From an evolutionary perspective, highly specific parasites, such as the Monogenea, would be expected to evolve stable relationships mostly with host species that are easily encountered and infected, as indicated by the ubiquity of nestedness in antagonistic networks7. In a nested host–parasite network (such as that used in this study), generalist parasites are present on most host species, whereas specific parasites are mainly present on host species with high parasite species richness (see Fig. 3d). Some features of a host that increase the number of parasite species occurring on it may also be directly or indirectly related to host vulnerability. For example, hosts having a wide distribution and a high local abundance (that are features significantly intercorrelated in both freshwater and marine fish8) are likely to bear many parasite species9,10 and, at the same time, to be less endangered than rare species11. Thus, some species-level host traits that increase nestedness of host–parasite networks could also reduce the coextinction risk of highly specific parasites by favoring their distribution towards less vulnerable hosts (see Fig. 3).
For parasites of fish, we found that average host vulnerability tends to be higher in those fish species that are used by more generalist parasite species (Fig. 1d), whereas highly specialized parasite species tend to infect fish species with low vulnerability. This relationship between parasite specialization and host vulnerability, which is consistent with the important role in biodiversity conservation attributed to nestedness of facilitative networks12,13,14, suggests a general solution to the paradox of missing host–parasite coextinctions.
Methods
Host vulnerability and parasite extinction risk
We obtained host–parasite records (n=38,567) and vulnerability values of host species (n=4,682), respectively, from FishPEST15,16 ( http://purl.oclc.org/fishpest) and FishBase17 ( www.fishbase.org). FishBase computes vulnerability values using a fuzzy expert system integrating biological and ecological characteristics of fish species18. These values of host vulnerability range from 0 (minimum vulnerability) to 100 (maximum vulnerability). We used these values (divided by 100) as measures of the probabilities of host species to go extinct. The extinction risk of a parasite species depends on how many host species it uses and on the vulnerability of these host species, with parasites occurring on more hosts expected to be less prone to extinction. Thus, for each parasite, we calculated the extinction risk as the product of the extinction probabilities of its known host species (for example, if host A has 0.1 probability of going extinct, and host B has 0.1 probability of going extinct, then a parasite associated with hosts A and B has a probability 0.1 × 0.1=0.01 of going extinct). Also, for each parasite, we calculated the average vulnerability of their hosts, as the arithmetic mean of the vulnerability values (divided by 100) of their known hosts, and its host range (that is, the number of known hosts).
Statistical analyses
We used a multivariate analysis of variance to test if parasite groups differed for parasite extinction risk, number of known hosts and vulnerability of their hosts. We applied an analysis of covariance to test for differences in extinction risk among parasite groups using host vulnerability and host range as covariates. Then we used Bonferroni procedures to adjust significance levels in post-hoc comparisons.

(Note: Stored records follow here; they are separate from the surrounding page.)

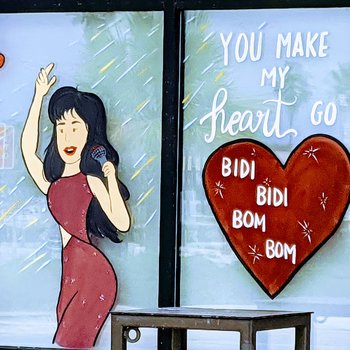Photograph of Anything for Selenas Window Painting ("You Make My Heart Go Bidi Bom Bom")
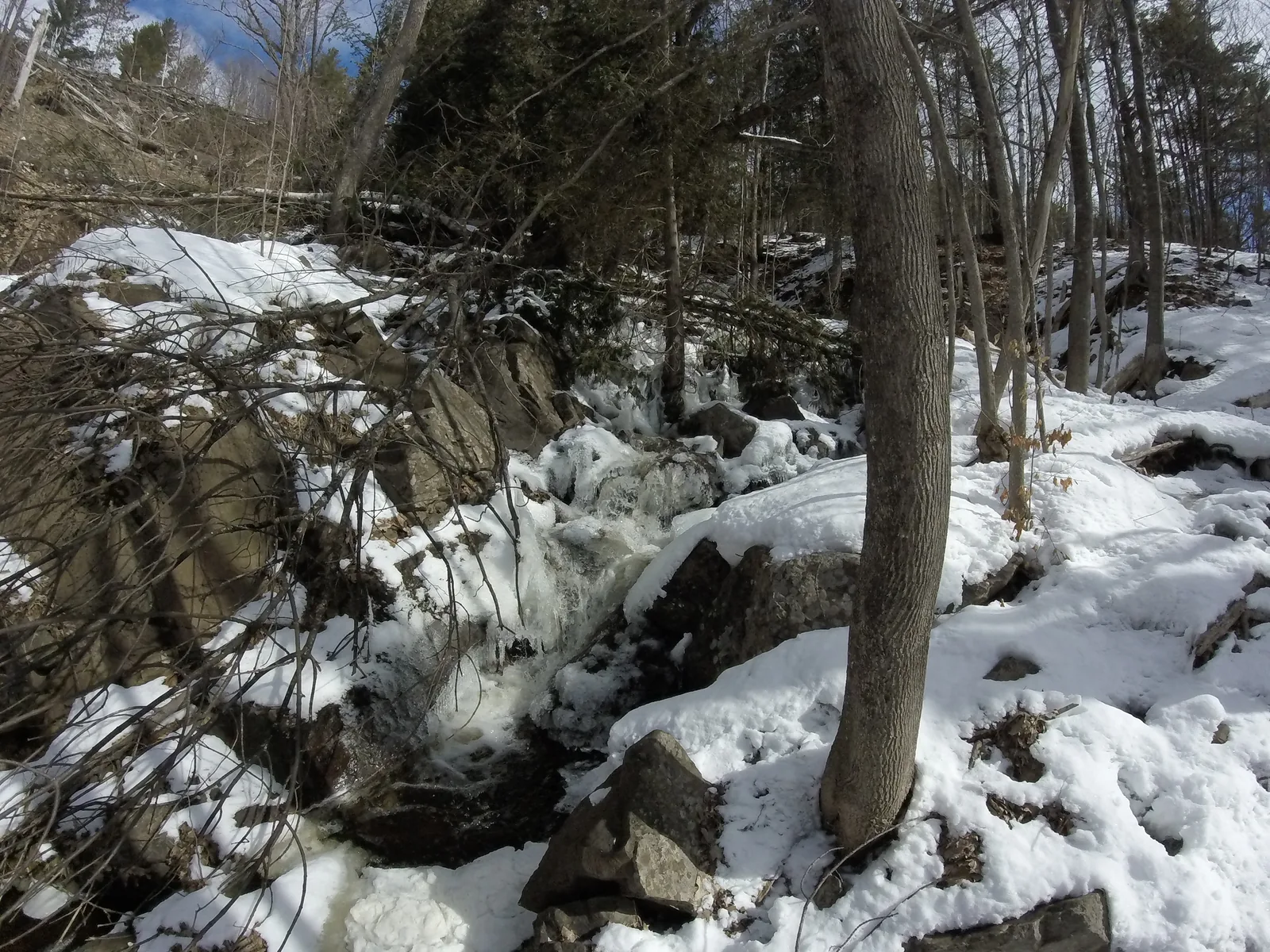 Ripley Falls in winter — partially frozen cascade flowing over rocks on the steep slope of Mont Ripley.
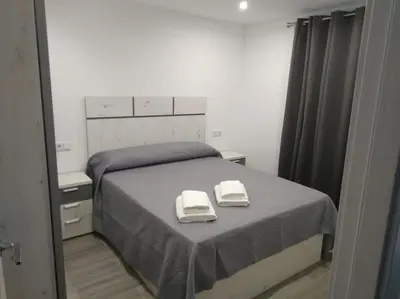 Cama o camas de una habitación en apartamento nuevo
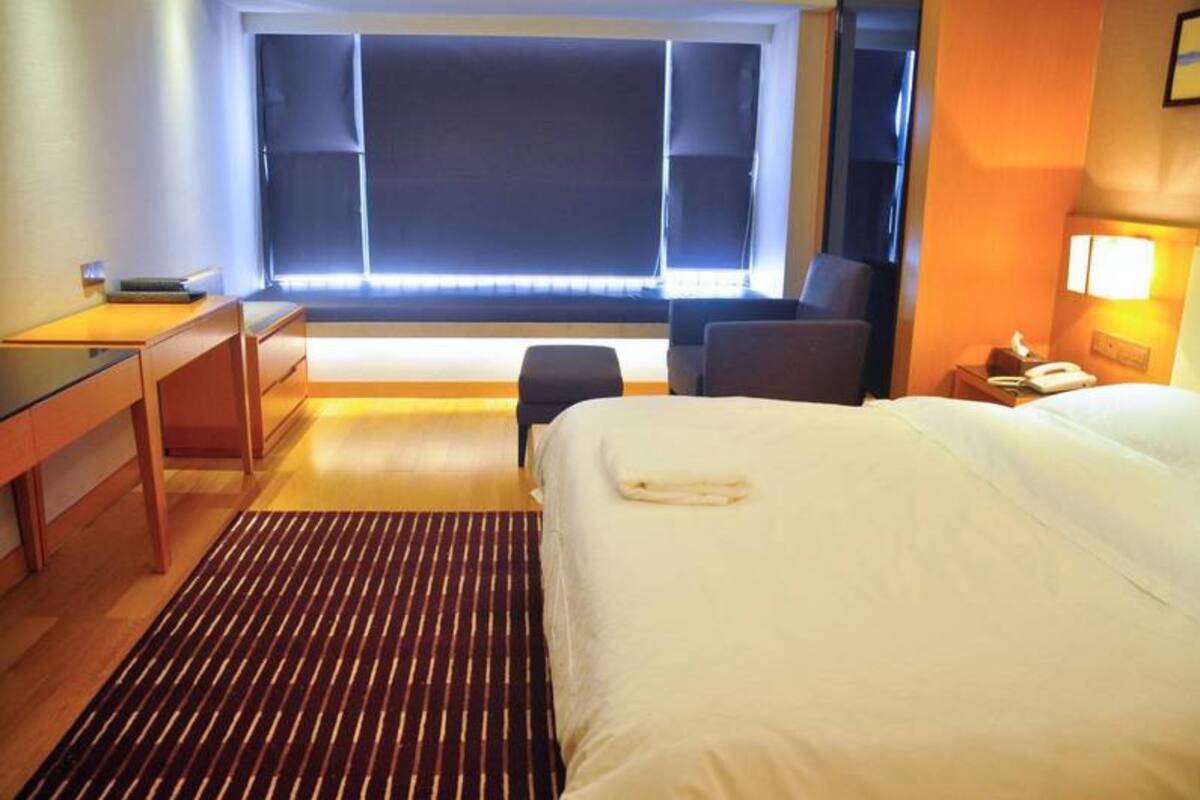 Habitación de hotel con cama, escritorio, silla, mesita, lámpara y ventana con persianas.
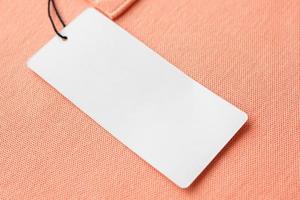 etiqueta de etiqueta de ropa blanca en blanco sobre fondo de textura de tela rosa foto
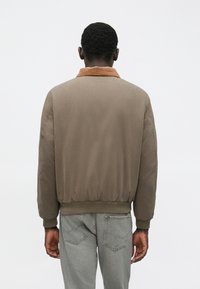 Άνδρας στέκεται με την πλάτη στραμμένη, φορώντας ένα καφέ bomber μπουφάν με κόκκο κλωστής και ανοιχτό γκρι τζιν μπροστά σε λευκό φόντο.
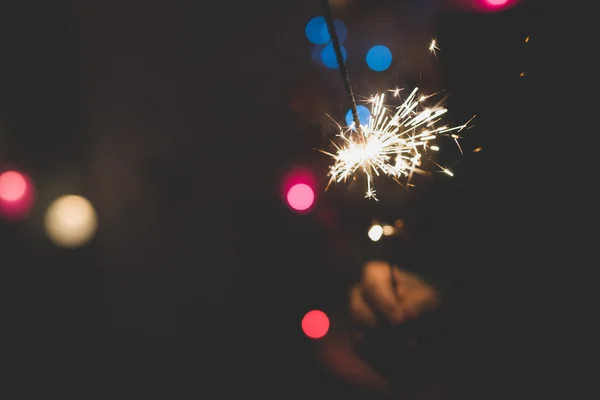 Woman celebrating holding a sparkler — Stock Photo, Image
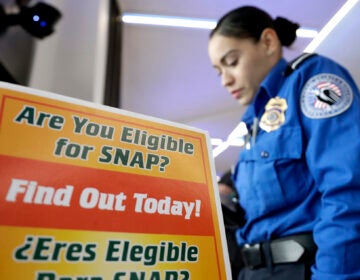 A Transportation Security Administration employee stands at a booth to learn about a food stamp program at a food drive at Newark Liberty International Airport to help government employees who are working without pay during the partial government shutdown, Wednesday, Jan. 23, 2019, in Newark, N.J. (AP Photo/Julio Cortez)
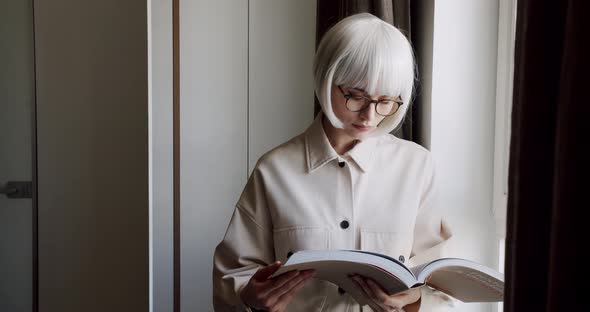 Beautiful Woman with Glasses Holds a Book in Her Hand and Looks Out the Window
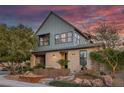 Charming two-story home with stone accents and professionally landscaped front yard at 3069 Lascari Ave, Henderson, NV 89044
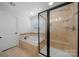 Bright bathroom featuring tiled shower, a soaking tub and window at 6112 Canyon Trl, Denver, NC 28037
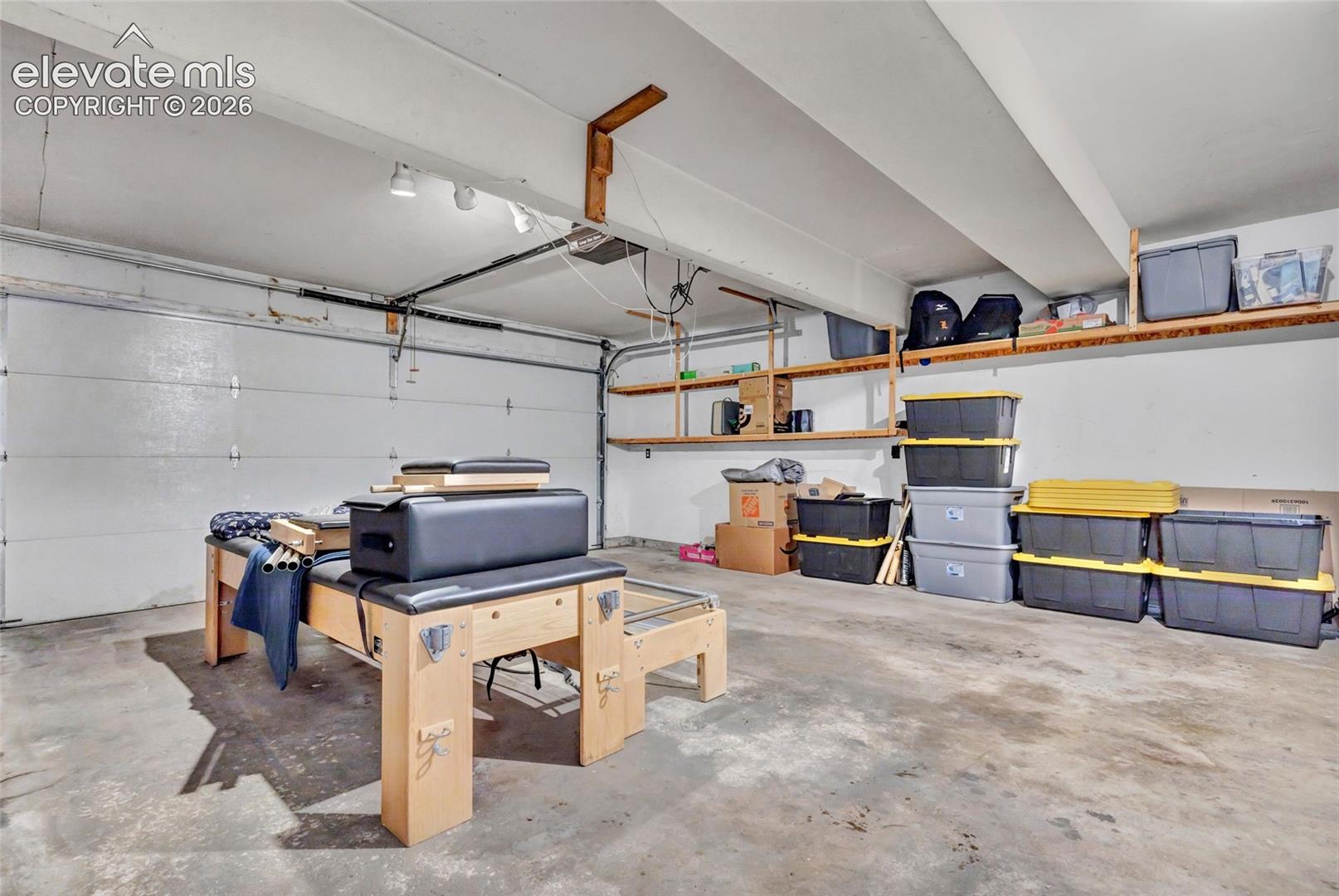 Spacious garage featuring a concrete floor, built-in overhead shelving, and a large garage door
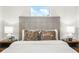 Comfortable main bedroom with plush pillows, a padded headboard, and wooden nightstands at 955 Tomes Ct, Orlando, FL 32825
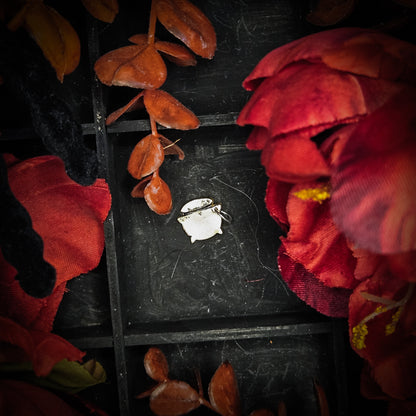 A small brass cauldron charm, displayed on a dark textured background surrounded by red and orange autumn leaves and flowers.
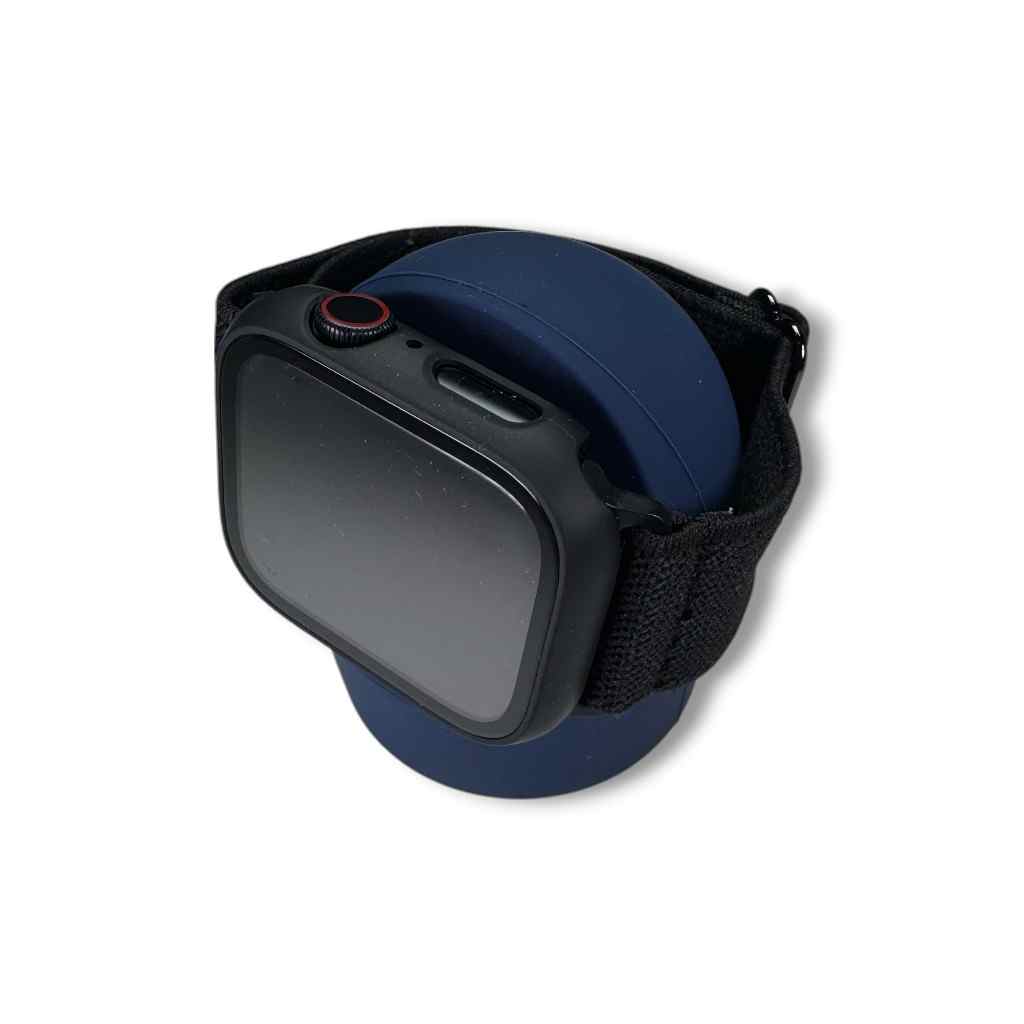 A black smartwatch with a black band rests on a dark blue circular silicone Charging Stand against a white background.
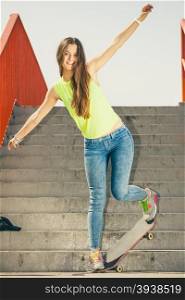Girl on stairs with skateboard.. Cool skate young long haired girl riding skateboard on the urban stairs. Active lifestyle funky in summer. Outdoor trendy sport teen.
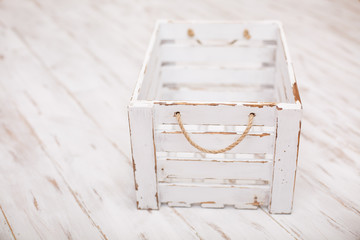 An old empty wooden box on old white background. Scratched vintage white box with peeling paint. Shabby chic or rustic style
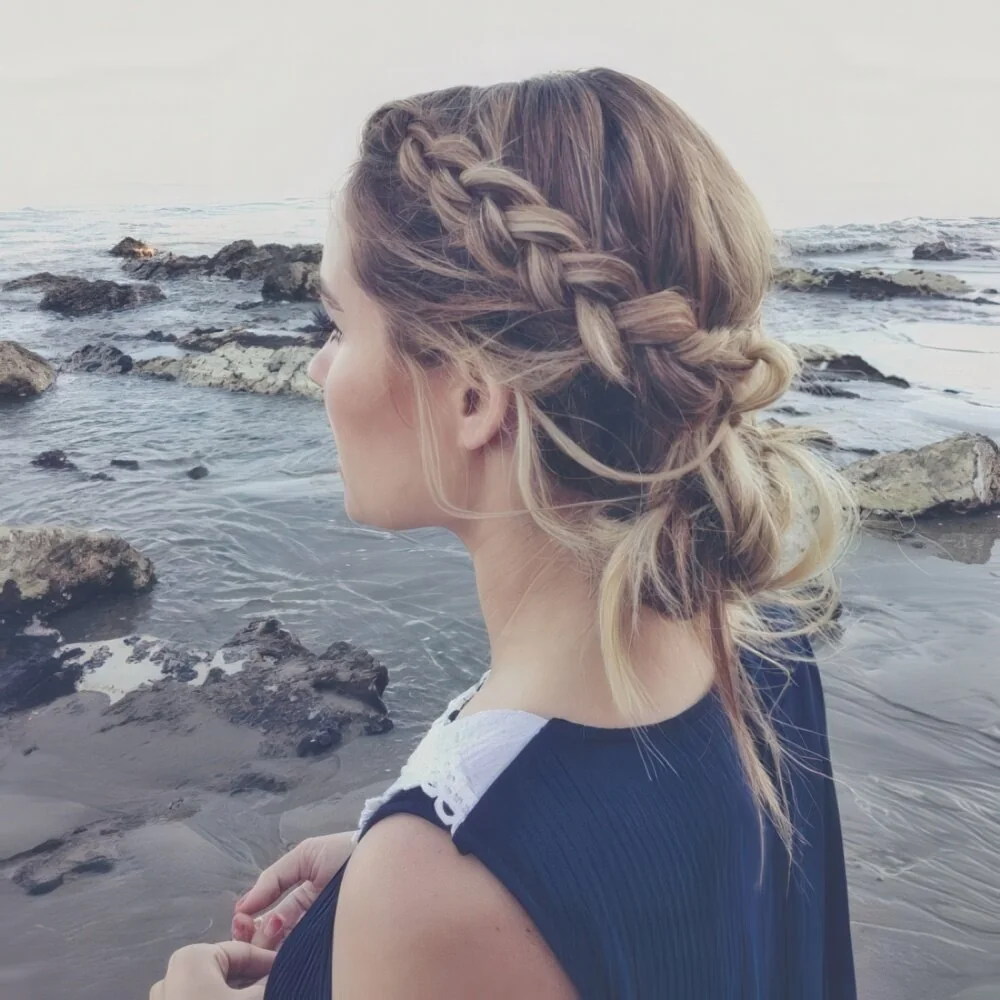 Photo showing braided messy low updo, with the hairstyle clearly visible.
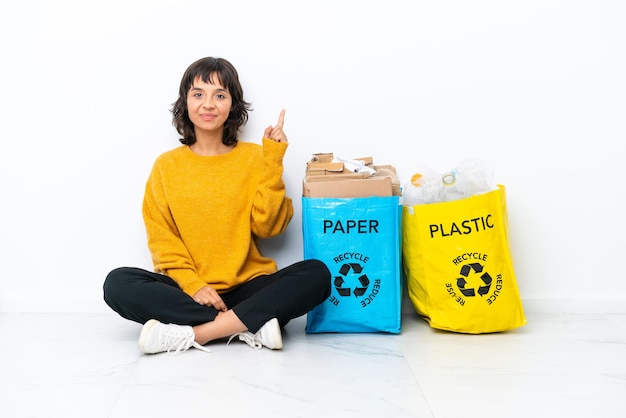 Jeune fille tenant un sac plein de plastique et de papier assis sur le sol isolé sur fond blanc pointant avec l'index une excellente idée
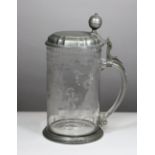 Gravierter Glaskrug mit Zinndeckel, mit Engelmarke, 18. Jh., Maße: H. 26 cm, B. 17 cm. Guter,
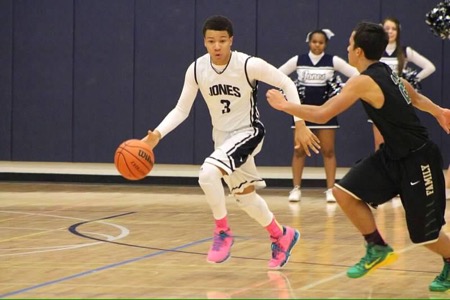 Bryson Phillips 17 playing in a varsity basketball game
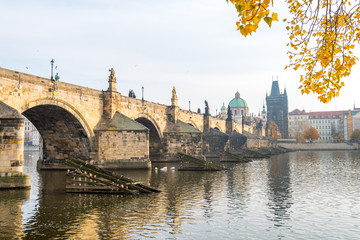 prague river bank and old town at background, czech republic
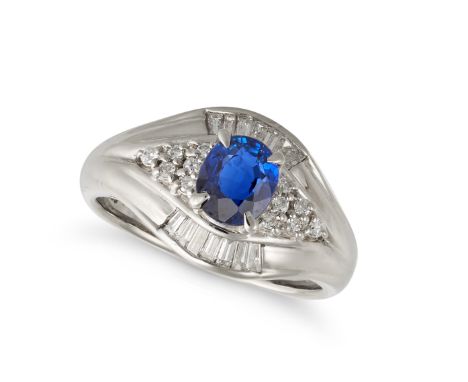 A SAPPHIRE AND DIAMOND RING in platinum, the tapering band set with an oval cut sapphire of 1.10 carats accented by round bri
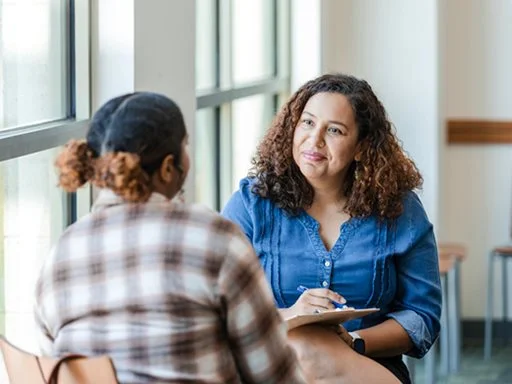 A teenage girl getting support from a mental health worker. 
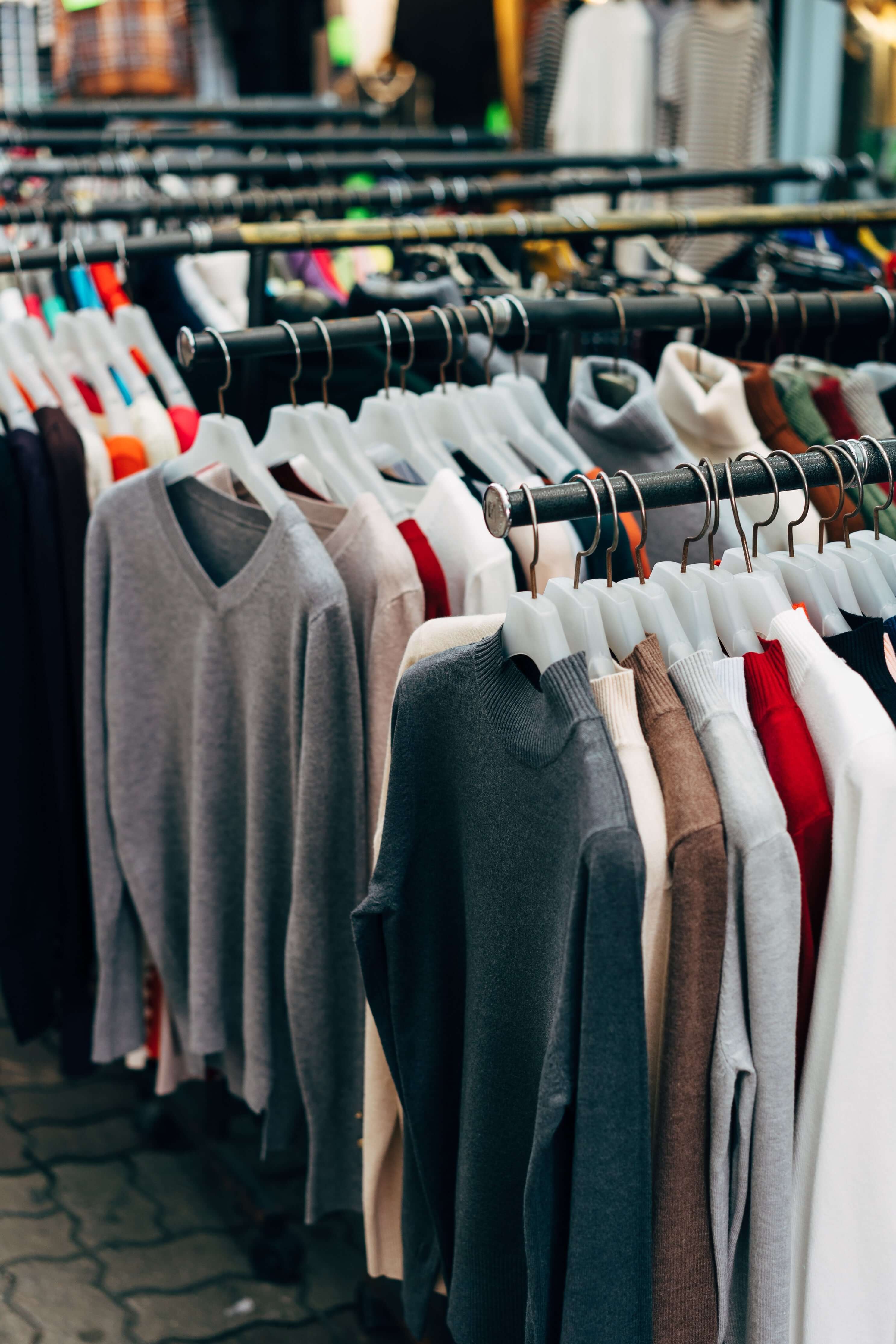 clothes-on-a-rack-in-a-clothing-store - Fashion NetClub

We developed our main analyses omitting intermediate hosts different from fishes although it is well known that many parasites use other hosts, for example, invertebrate species. Including intermediate hosts might be useful to take into account the role of non-fish hosts in the coextinction process. For example, a parasite with several fish hosts may have a single intermediate non-fish host that may act as a key coextinction driver; not considering this intermediate host may produce an underestimation of the risk of coextinction. However, data about intermediate hosts different from fish are very scarce, especially for the invertebrates. Many invertebrates (for example, mollusks and crustaceans) are reported as intermediate hosts for many parasites, but they are very rarely identified to species level, which makes it impossible to introduce them in the calculation of host range. Moreover, for most non-fish hosts (and especially for invertebrates), calculating extinction risk may not be possible, or at least not with the same rigorous criteria used to compute vulnerability of fish species18. Thus, to assess if patterns depicted by our general analyses might be biased by omitting non-fish hosts, we performed analogous analyses using a subset of parasite species only associated with fish species. For this, we made use of the databases of the Natural History Museum (London)19 and of the US parasitological collection20, which are the main data sources of FishPEST database. From these databases, we excluded all helminth species known to use hosts different from fish. This way, we constructed a reduced data set including 24,651 records of helminth species that use exclusively fish hosts. This ensures that the analyses conducted using this reduced data set are not biased by the risk of extinction of unconsidered intermediate hosts different from fish.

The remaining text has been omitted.